= Good Behavior Game =

Classroom behavior management strategy

The Good Behavior Game (GBG) is a classroom management strategy used to increase self-regulation, group regulation and stimulate prosocial behavior among students while reducing problematic behavior. Major research at Johns Hopkins Center for Prevention and Early Intervention has studied three cohorts of thousands of student, some of whom have been followed from first grade into their 20s. In multiple scientific studies, the Good Behavior Game dramatically reduces problematic behavior within days and weeks.

The first study of GBG was published in 1969, using a 4th grade classroom. The study was the first application of applied behavior analysis to a whole classroom. In the original study, the classroom was divided into two teams. The students were to engage in the math or reading activities as teams. Paying attention, engaging in the lessons or activity, was the "good behavior". If students engaged in actions that interfered with the lesson (e.g., getting out their seat, interrupting), that was a penalty point against the team—much like playing a sport.

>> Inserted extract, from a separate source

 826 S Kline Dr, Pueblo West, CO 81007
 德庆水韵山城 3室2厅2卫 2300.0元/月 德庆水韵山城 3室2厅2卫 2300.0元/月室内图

Each team could make up a fixed number of mistakes, and still win the game. That is much like professional sports, except both teams could win. If a team won the game, they earned an activity reward normally not allowed, which was based on the Premack Principle. Since the original 1969 study, the Good Behavior Game has become an efficient system to aid in preventing mental, emotional, and behavioral disorders.

==Overview==

The Good Behavior Game was first used in 1967 in Baldwin City, Kansas by Muriel Saunders, who was then a new teacher in a fourth-grade classroom. Muriel Saunders, Harriet Barrish (a graduate student at the University of Kansas), and the professor and co-founder of applied-behavior analysis, the late Montrose Wolfe, co-created the Good Behavior Game in 1969. The Game works by positive peer pressure of 2-to-5 classroom teams, who work together reduce inattentive, disturbing, disruptive, and destructive behaviors that interfere with learning and success. When the teams succeed, all the "winners" earn brief intrinsic activity rewards based on Premack's principle. While the teacher can define the behaviors to be reduced, the game can be just as effective when students define the behaviors to be reduced to make a better learning environment. A scientific major proponent of the benefits of GBG, Dennis Embry argues that the game is more likely to be acceptable, adopted, and sustained by teachers and students, when students actively participate in setting up the "rules" of the game. Students teams win the game by having very low rates of disturbing, disruptive, destructive, or inattentive behaviors. The teacher must respond to such problematic behaviors neutrally and unemotionally, and the person who committed the breach is not called out or given "consequences." Rather, the team has a point against it, not the individual. Teams who have less than a criterion of low points, win—typically less than 4 per team.

==Summary of Literature==
Studies done by Harris and Sherman (1973) and Barrish, Saunders, and Wolf (1969) examined the effectiveness of the Good Behavior Game with one fifth-grade classroom and one sixth-grade classroom. Each teacher attended a 15-minute meeting prior to implementing the procedures in his or her classroom. During the meeting, the researchers defined disruptive behavior, explained the recording system, and reviewed the procedures of the Good Behavior Game. After baseline data was collected, the teachers divided the students into two teams, discussed the rules of the game, and outlined the contingencies. The reward was a 10-minute early dismissal at the end of the school day. Again, the researchers recorded talking and out-of-seat behavior during 30-minute observation sessions. Each session was divided into 30 one-minute intervals. If one or more of the children exhibited the disruptive behavior, the interval was scored as containing disruptive behavior. In addition to collecting data on disruptive behavior, the researchers evaluated the students' academic performance during two math periods in the fifth-grade classroom. In the sixth-grade classroom, several experimental manipulations (i.e., eliminating the consequences, changing the maximum number of marks needed to win, eliminating feedback, and keeping the class intact) were performed to identify which components of the game were the most effective in reducing disruptive behavior. The findings show that implementing the Good Behavior Game successfully reduced disruptive out-of-seat and talking behavior. Each of the following procedural components contributed to its effectiveness: permission to leave school early, the number of marks chosen as a criterion, and the division of students into teams. Furthermore, a reduction in problem behavior resulted in slightly higher accuracy rates on the independent math tasks.

Since the original 1969 study of the Good Behavior Game, there have been multiple randomized control trials conducted by Johns Hopkins University Center for Prevention and Early Intervention.

Studies have been conducted to evaluate the effectiveness of this intervention and have found numerous benefits including improvement in writing quantity and quality, math ability, student behavior, reducing aggression, and reducing disruptive behaviors.